Lleno de gallardía, con un valor nunca antes visto en mí, juro por el pequeño niño Jesús de Nazaret que en mi mugrosa vida volveré a pisar la casa de la finísima anfitriona. Otros, sin embargo, menos rencorosos y más sabios, piensan que la familia es la familia. Hay tiempos y momentos en que hay que enrollar la cola, perder la poca dignidad que queda y seguir soportando los desplantes y groserías de la finísima anfitriona por los años que le resten de vida.
-Pues yo soy un hombre de palabra y pienso cumplir mi promesa –digo, ufano, terco, con la camisa arrugada de tantos abrazos navideños.
De pronto, cruel destino, mi estomago emite un ruido horripilante.
-Me estoy cagando –digo desesperado, el rostro descompuesto, las manos oprimiendo el vientre.
Mi hermano saca de los bolsillos de su pantalón las llaves de la casa de la finísima anfitriona y me apresura a correr al baño.

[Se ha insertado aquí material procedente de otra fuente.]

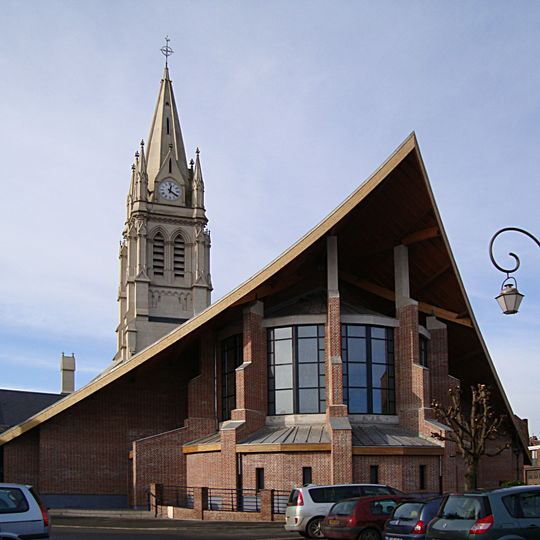 Église Saint-Vaast de La Bassée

Para sorpresa y asco de todos, rechazo las llaves. En largas zancadas me interno en la maleza del terreno baldío, me bajo los pantalón y me inclino en cuclillas al tiempo que sonrío como un cavernícola travieso. A lo lejos de la avenida, cuando el cielo empieza a aclarar y los pájaros a trinar en las copas de los árboles, unas luces brillantes, rojas y azules se aproximan a toda velocidad.
Nunca en la vida me dio tanto gusto pisar la cárcel. Siempre supe que sería mi propia familia la que me privaría de la libertad.
Este año nuevo, a mi familia política, que de política no tiene nada, he decidido declararles la guerra, bajarme a su nivel y con gustosa alegría arañar, bramar, aullar y patalear igualito que ellos, y cuando me increpen y digan que he deshonrado y dividido a la familia, demostraré que soy un discípulo aventajado de mamá, es decir, fingiendo demencia diré que este escrito no es más que un fragmento de mi interminable novela, o sea, mera ficción, producto de mis dislates creativos, cosa que, dicho sea de paso, puede que sea la más absoluta de las verdades.